The most common definition of stakeholders is “people with an interest or concern in the product”. As you can see, this definition is quite broad, and a PO should decide till what level of interest and influence they actually want to analyze and why.  
In this article I want to concentrate on how a PO should work with key stakeholders. Who are the key stakeholders we want to involve the most? This is an important question, because of course, we want to keep interested people involved, However PO doesn’t have the time to manage all those relationships with the same intensity. Identifying the key stakeholders is therefore so important. PO should first identify people with real veto power on their product roadmap e.g. C-level management, business partners, people responsible for company budget, legal department, key investors. Basically, anyone who has the power to decide on the project budget should be in this category along with those who could stop the project or divert project resources. Those people PO should always keep updated and even involved in the product development to enhance their understanding and commitment. 

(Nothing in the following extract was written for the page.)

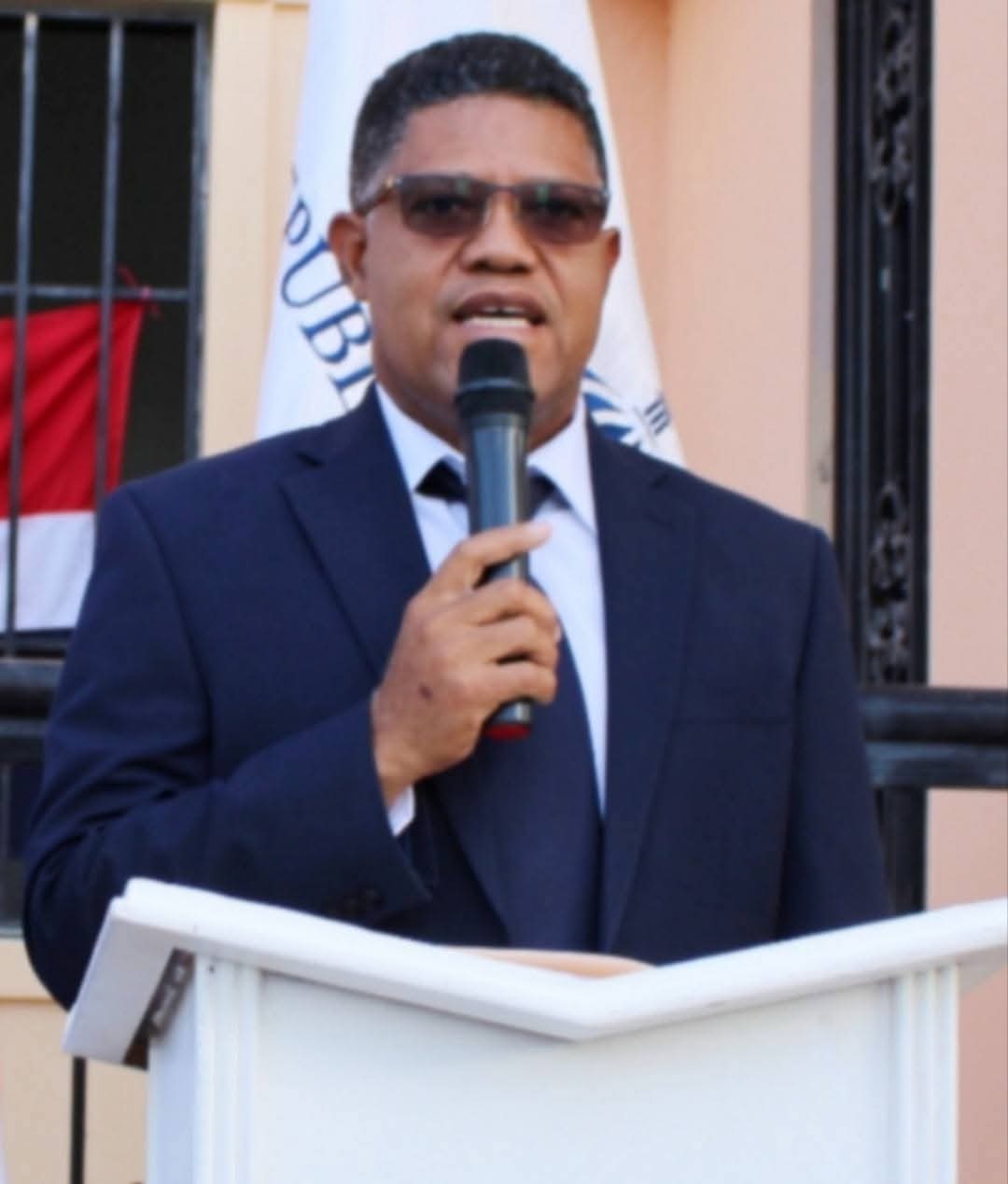 Director del Distrito Educativo 03-01 solicita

Should only stakeholders with veto power be considered as key stakeholders? I would say no, since some of the stakeholders, with or without veto power, will have the needed expertise to develop the product. But PO doesn’t have to partner with all of those, some of those can be just consulted and updated. My advice would be if you don’t know what to choose: to partner or to consult, go for consulting. It is always easier to involve them more afterwards than to have too many partners from the start. Building relationships is an important part of a PO work and knowing when to involve the right stakeholders and how is crucial. 

To conclude I would like to state, that PO is still the product vision and backlog owner, therefore they should not transform in a pure project manager or facilitator. Rather Product Owner should understand the core of their product and speak with the stakeholders the same language to understand their constraints.

Building a relationship with stakeholders takes a lot of time and effort and you cannt start building just when you need it. It is a long process with a lot of investment that might not pay off. But this is the only way if you want to success as a PO of an empowered team in the company.